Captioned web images
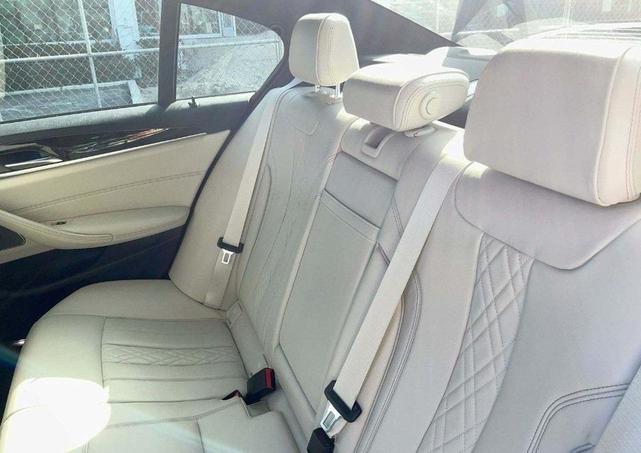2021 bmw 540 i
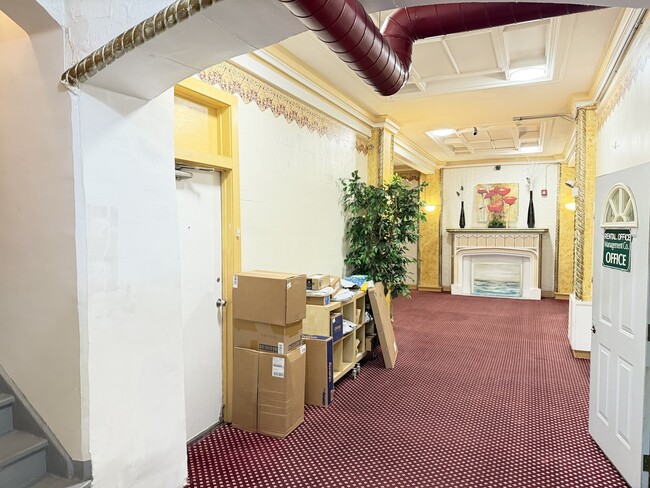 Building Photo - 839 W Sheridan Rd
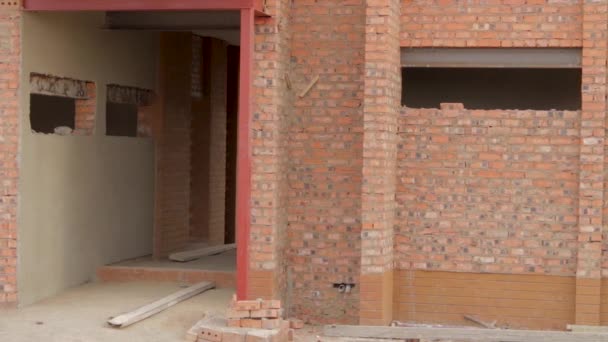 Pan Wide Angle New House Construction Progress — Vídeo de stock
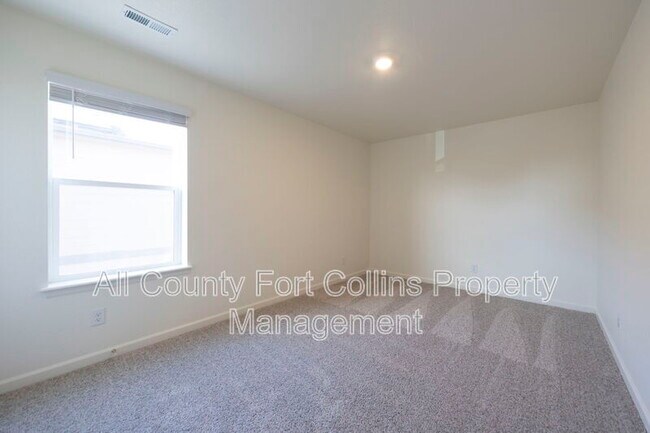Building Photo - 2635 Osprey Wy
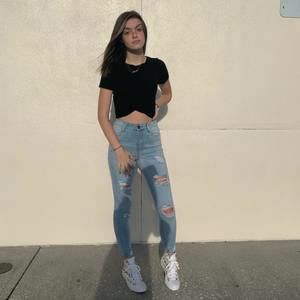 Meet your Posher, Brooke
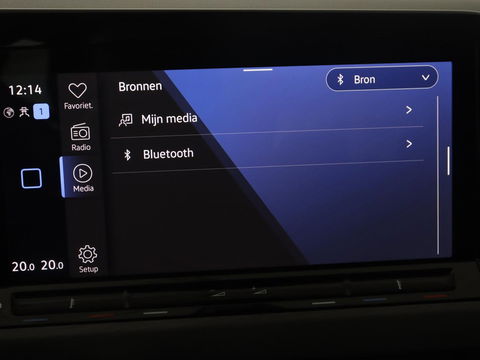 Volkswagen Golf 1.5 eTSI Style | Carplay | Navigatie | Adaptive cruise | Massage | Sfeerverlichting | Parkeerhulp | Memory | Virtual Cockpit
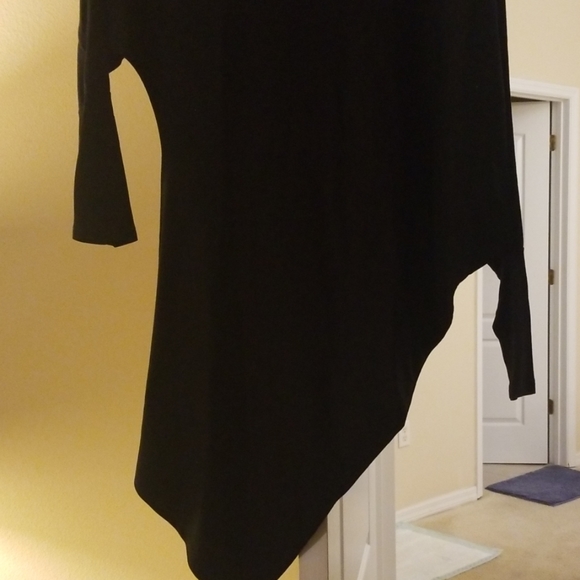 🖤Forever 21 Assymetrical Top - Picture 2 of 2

# WORK TO BE COMPLETED:
Please retype only the lines from the line that holds "Volkswagen Golf 1.5" through the end of the records, exactly as they stand, and drop every picture.

# TASK SOLUTION:
 Volkswagen Golf 1.5 eTSI Style | Carplay | Navigatie | Adaptive cruise | Massage | Sfeerverlichting | Parkeerhulp | Memory | Virtual Cockpit
 🖤Forever 21 Assymetrical Top - Picture 2 of 2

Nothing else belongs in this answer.